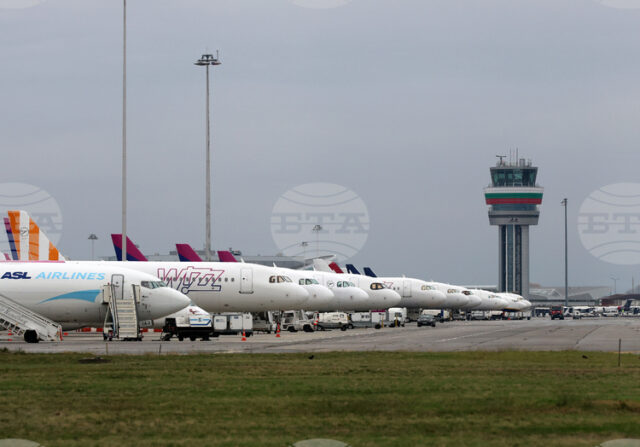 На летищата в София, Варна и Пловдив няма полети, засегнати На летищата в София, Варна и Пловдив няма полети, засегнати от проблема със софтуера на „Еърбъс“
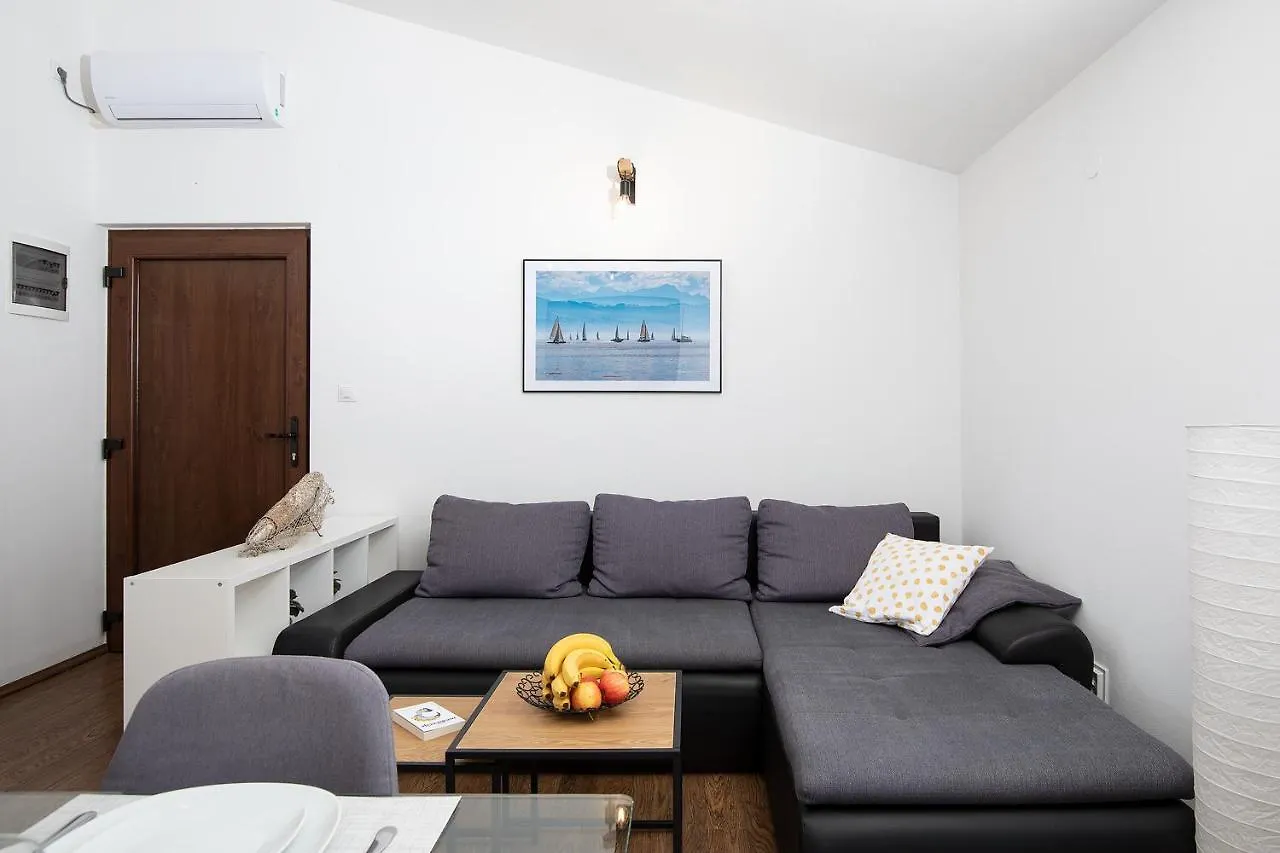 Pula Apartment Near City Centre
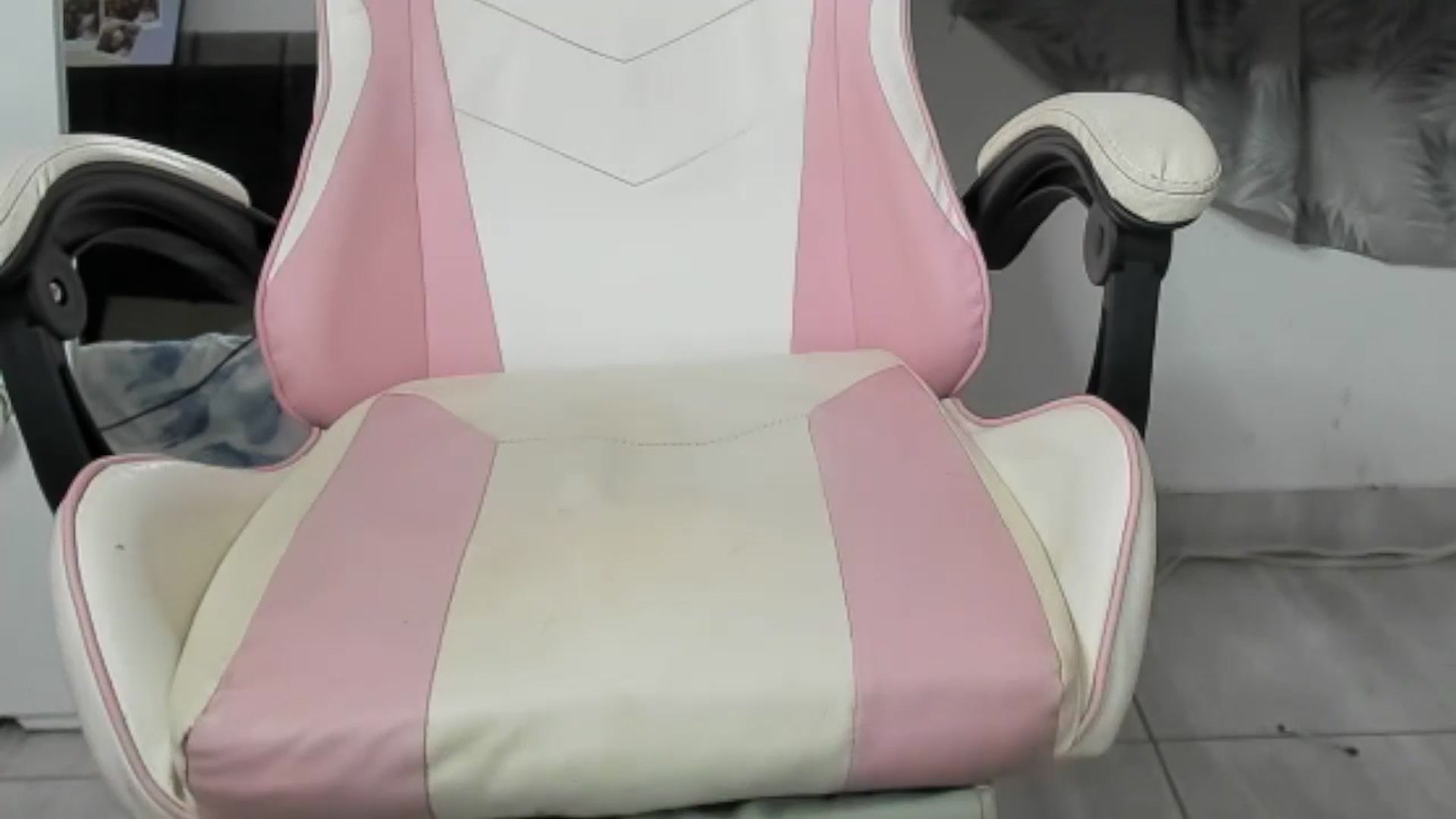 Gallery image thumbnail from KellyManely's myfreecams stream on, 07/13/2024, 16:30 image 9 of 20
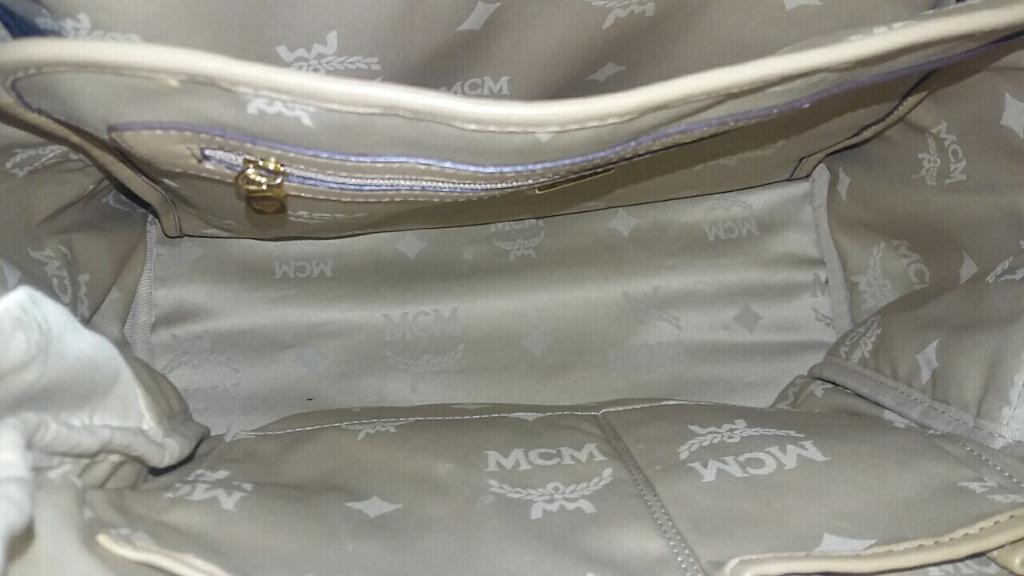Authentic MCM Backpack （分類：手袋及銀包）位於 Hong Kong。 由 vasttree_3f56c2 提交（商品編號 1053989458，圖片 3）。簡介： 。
○ ○ ○
REQUIRED WORK: The whole listing above must be set down again exactly, but without its images.

RESPONSE AREA:
 На летищата в София, Варна и Пловдив няма полети, засегнати На летищата в София, Варна и Пловдив няма полети, засегнати от проблема със софтуера на „Еърбъс“
 Pula Apartment Near City Centre
 Gallery image thumbnail from KellyManely's myfreecams stream on, 07/13/2024, 16:30 image 9 of 20
Authentic MCM Backpack （分類：手袋及銀包）位於 Hong Kong。 由 vasttree_3f56c2 提交（商品編號 1053989458，圖片 3）。簡介： 。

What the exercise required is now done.